Yasal düzenlemeye göre tenkis davası açma hakkı, mirasçıların saklı paylarının zedelendiğini öğrendikleri tarihten başlayarak 1 yıl ve her halde vasiyetnamelerde açılma tarihinin, diğer tasarruflarda mirasın açılması tarihinin üzerinden 10 yıl geçmekle düşer (madde 567). Bu süre hak düşürücüdür ve mahkeme tarafından resen nazara alınır ( “…Bilindiği üzere, 743 sayılı Yasanın 513. maddesinde tenkis davalarında uygulanacak sürenin zamanaşımı süresi olduğu belirtildiği halde, 4721 sayılı Yasanın 571. maddesinde anılan sürenin hak düşürücü süre olduğu açıklanmıştır..”; Yargıtay 1. Hukuk Dairesi 2012/2385 E 2012/5844 K).
Tenkis davasında bozucu şartı, mirasçılık sıfatının kaybedilmesidir. Bu davalarda mirastan çıkarma sebeplerinin gerçekleşmemiş olması da önemlidir. Aşağıdaki kimseler, mirasçı olamayacakları gibi; ölüme bağlı tasarrufla herhangi bir hak da edinemezler(TMK madde 578);
- Mirasbırakanı kasten ve hukuka aykırı olarak öldüren veya öldürmeye teşebbüs edenler,
- Mirasbırakanı kasten ve hukuka aykırı olarak sürekli şekilde ölüme bağlı tasarruf yapamayacak duruma getirenler,
- Mirasbırakanın ölüme bağlı bir tasarruf yapmasını veya böyle bir tasarruftan dönmesini aldatma, zorlama veya korkutma yoluyla sağlayanlar ve engelleyenler,
- Mirasbırakanın artık yeniden yapamayacağı bir durumda ve zamanda ölüme bağlı bir tasarrufu kasten ve hukuka aykırı olarak ortadan kaldıranlar veya bozanlar.
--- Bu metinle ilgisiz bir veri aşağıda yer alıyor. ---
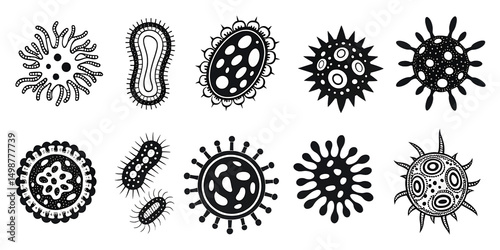 Diverse microscopic organisms isolated on a white background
Mirastan yoksunluk, mirasbırakanın affıyla ortadan kalkacağı unutulmamladır. Böyle bir durumda mirastan yoksunluk, yalnız yoksun olanı etkiler. Mirastan yoksun olanın altsoyu, mirasbırakandan önce ölen kimsenin altsoyu gibi mirasçı olur.(TMK madde 579).
*Makalemizdeki içerik, genel olarak bilgilendirme amaçlıdır. Her olayın farklı özellikler taşıması ve kişinin ekonomik yaşamını doğrudan ilgilendiren miras davalarında hak kaybı yaşanmaması adına, konusunda uzman bir avukat tarafından dava takibi önem taşımaktadır.